Word for word, write the lines below out again, with no pictures.

:: DATA SHOWN ::

★ ★ ★ ★ ★ ★ ★

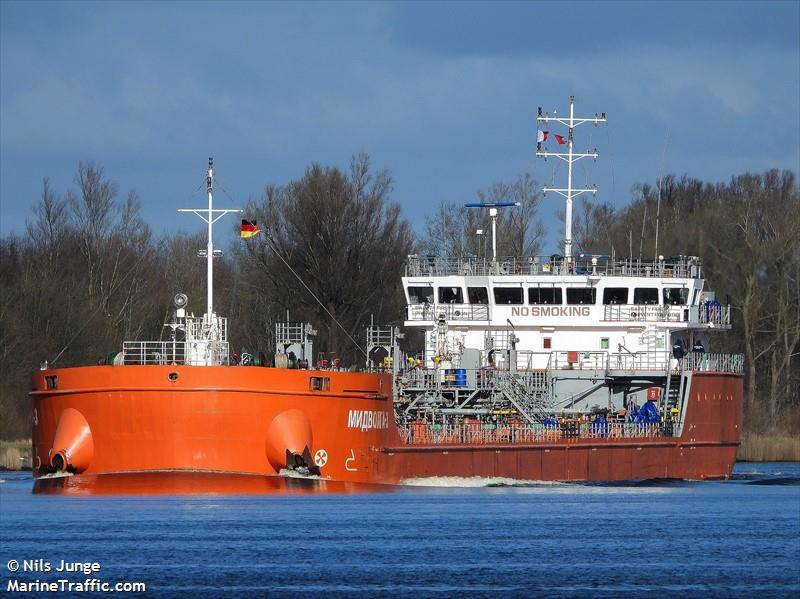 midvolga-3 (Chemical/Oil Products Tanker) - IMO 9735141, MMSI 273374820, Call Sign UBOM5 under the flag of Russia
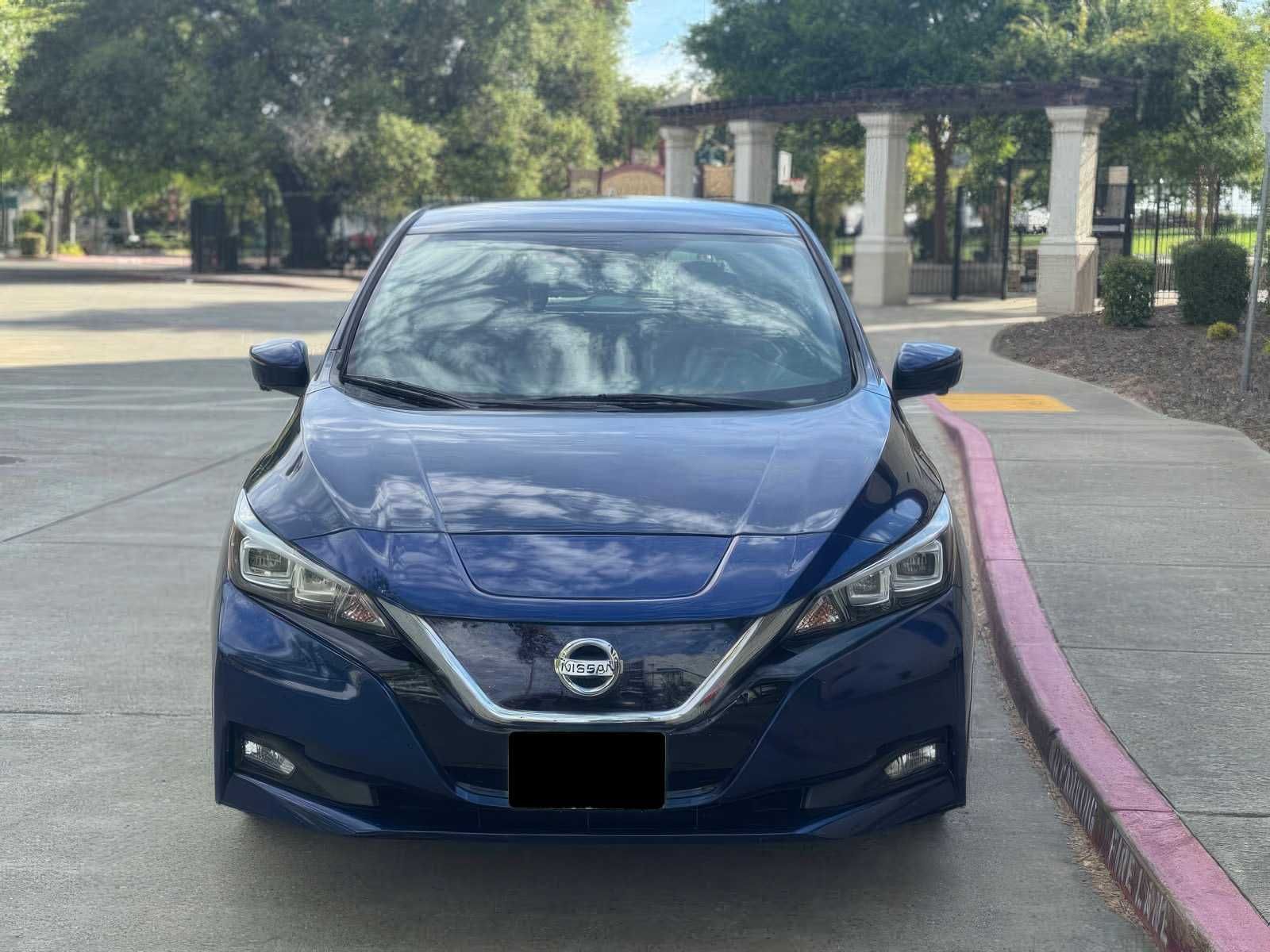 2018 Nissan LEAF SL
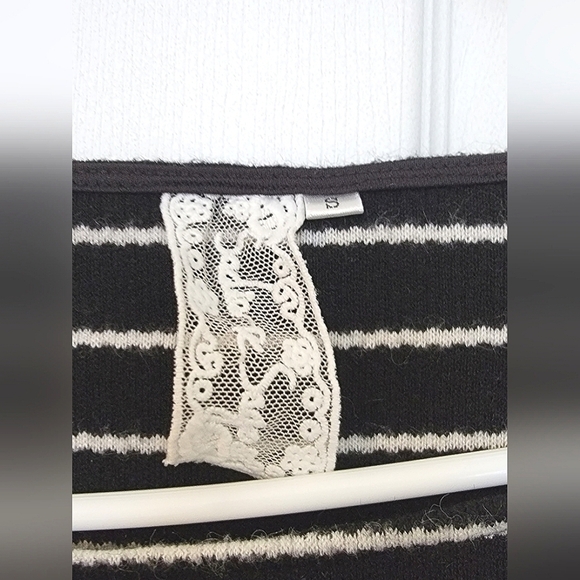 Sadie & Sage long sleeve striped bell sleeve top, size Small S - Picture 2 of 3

★ ★ ★ ★ ★ ★ ★

:: REPLY TO THE EXERCISE ::
 midvolga-3 (Chemical/Oil Products Tanker) - IMO 9735141, MMSI 273374820, Call Sign UBOM5 under the flag of Russia
 2018 Nissan LEAF SL
 Sadie & Sage long sleeve striped bell sleeve top, size Small S - Picture 2 of 3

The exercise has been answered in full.